BEGIN
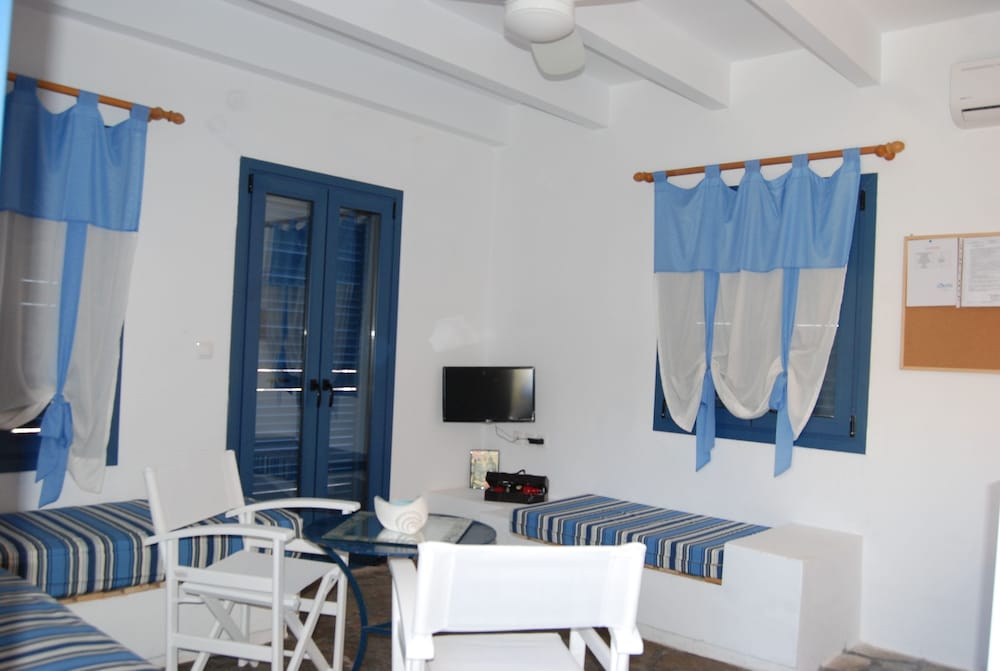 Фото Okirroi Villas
END
BEGIN
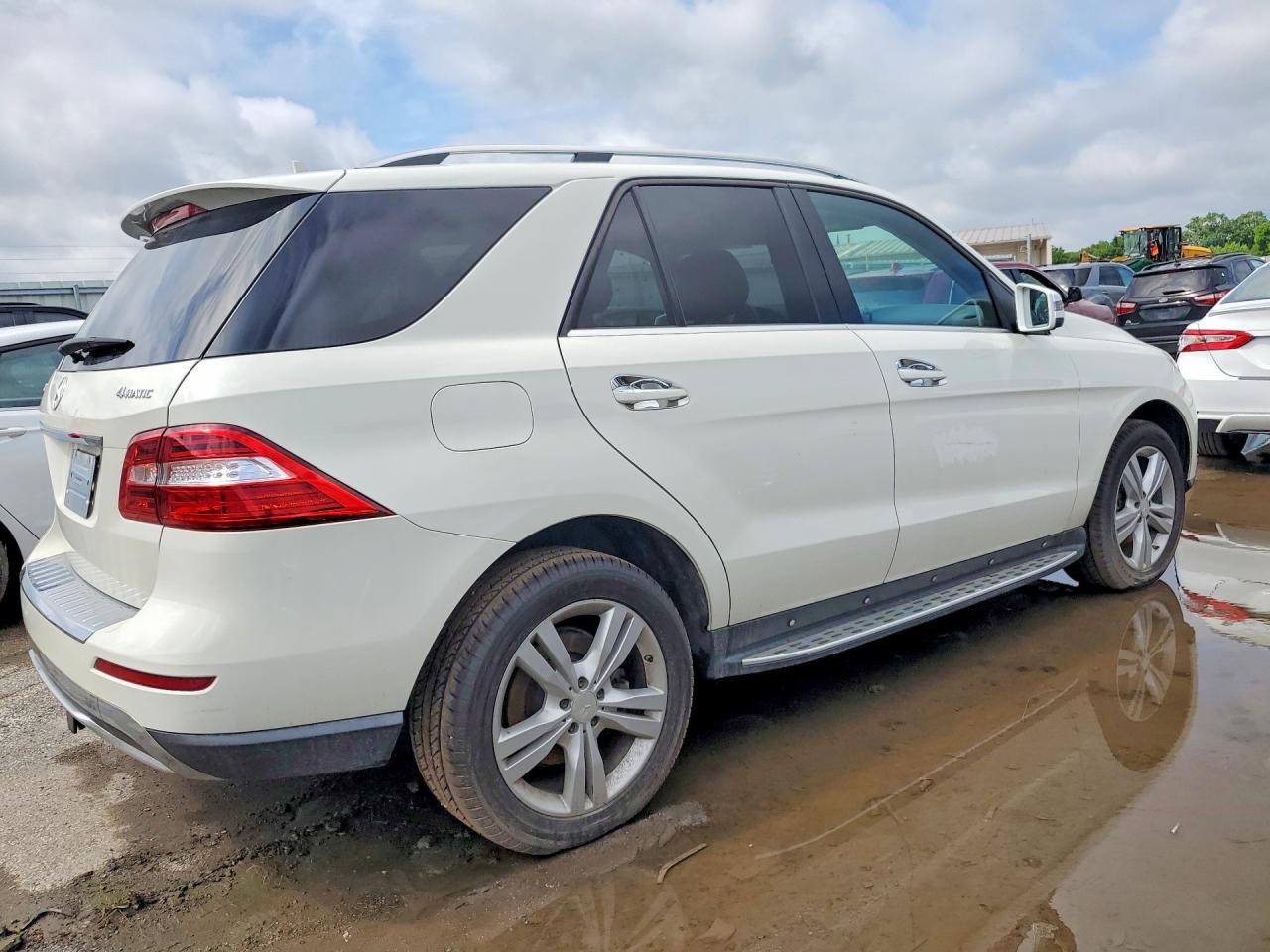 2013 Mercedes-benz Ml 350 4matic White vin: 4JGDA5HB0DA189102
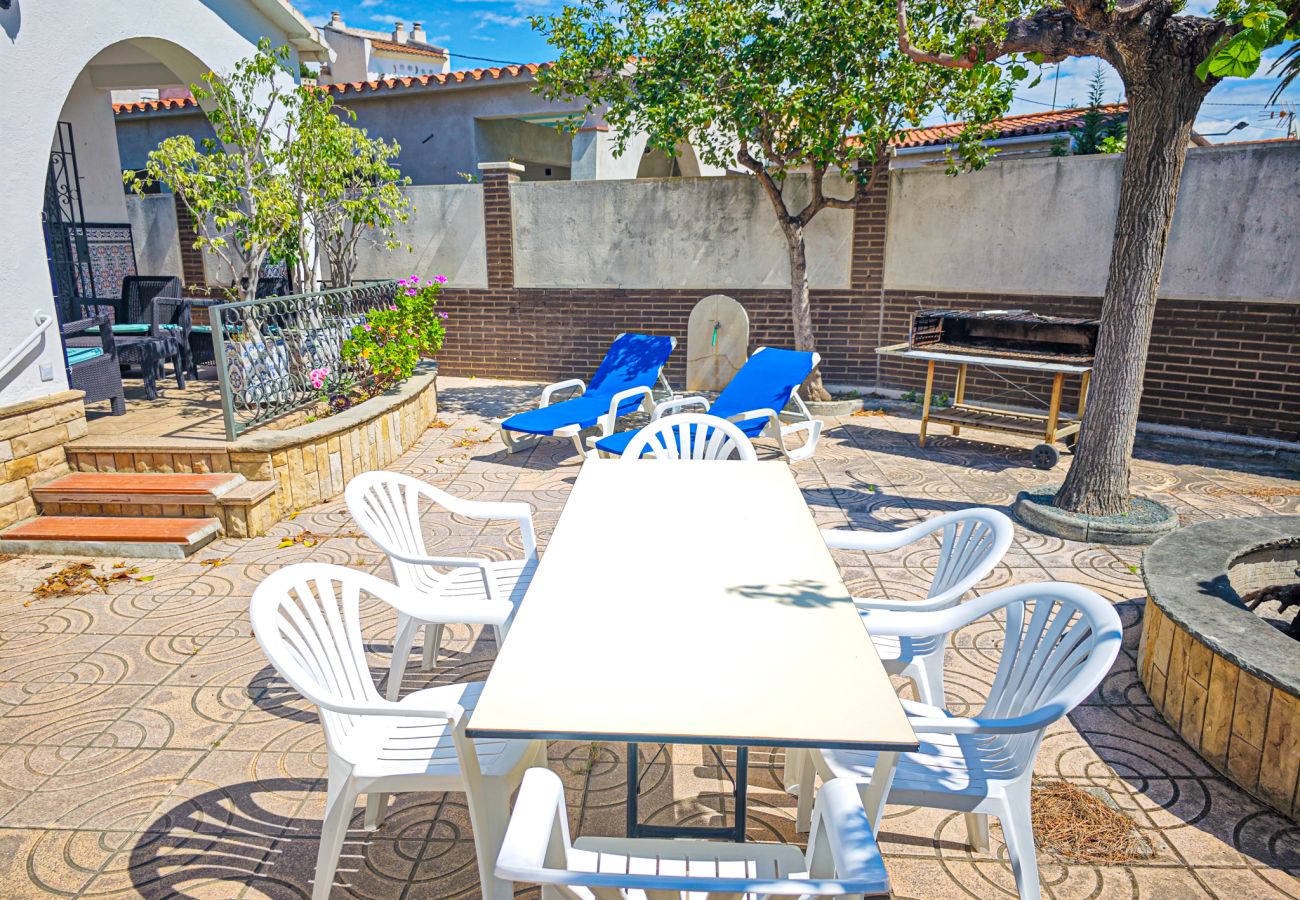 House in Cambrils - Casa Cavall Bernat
END
BEGIN
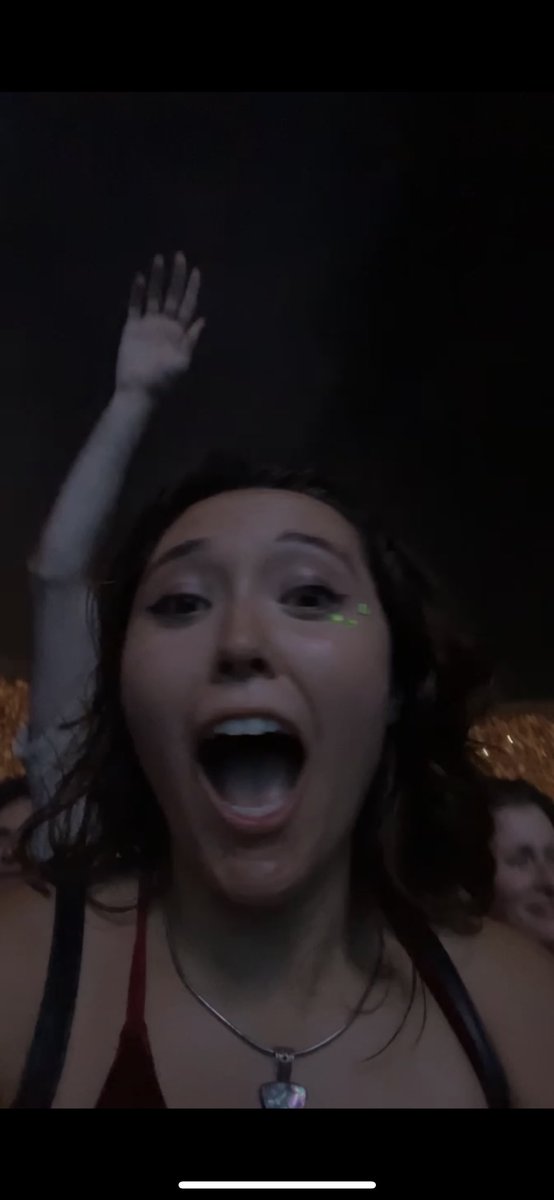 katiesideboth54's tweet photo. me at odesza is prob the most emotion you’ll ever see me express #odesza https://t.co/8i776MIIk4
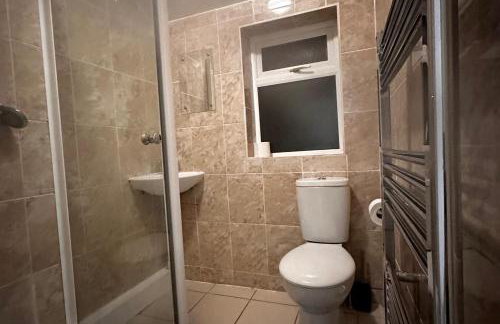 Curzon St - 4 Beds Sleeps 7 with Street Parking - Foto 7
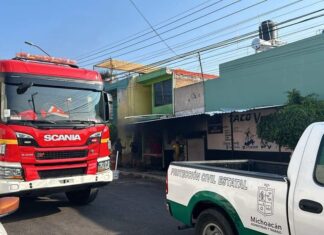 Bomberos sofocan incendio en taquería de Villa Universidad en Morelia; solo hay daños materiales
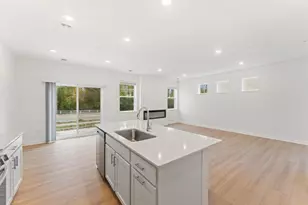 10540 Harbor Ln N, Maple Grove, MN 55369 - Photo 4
END
ABOUT THIS EXERCISE: Each line above from the one containing "2013 Mercedes-benz Ml" through the one containing "House in Cambrils - Casa Cavall Bernat" is to be returned verbatim. Nothing else, and no pictures.

REPLY:
 2013 Mercedes-benz Ml 350 4matic White vin: 4JGDA5HB0DA189102
 House in Cambrils - Casa Cavall Bernat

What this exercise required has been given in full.